> **Record excerpts**
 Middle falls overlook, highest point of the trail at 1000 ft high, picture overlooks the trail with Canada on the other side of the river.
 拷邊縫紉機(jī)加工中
---
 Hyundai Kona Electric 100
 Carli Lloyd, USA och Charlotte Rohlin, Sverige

> **Directions**
What you return must be an exact retyping of the lines above starting at the line with "Hyundai Kona Electric 100" and ending at the line with "Carli Lloyd, USA", and nothing besides.

> **Completed task**
 Hyundai Kona Electric 100
 Carli Lloyd, USA och Charlotte Rohlin, Sverige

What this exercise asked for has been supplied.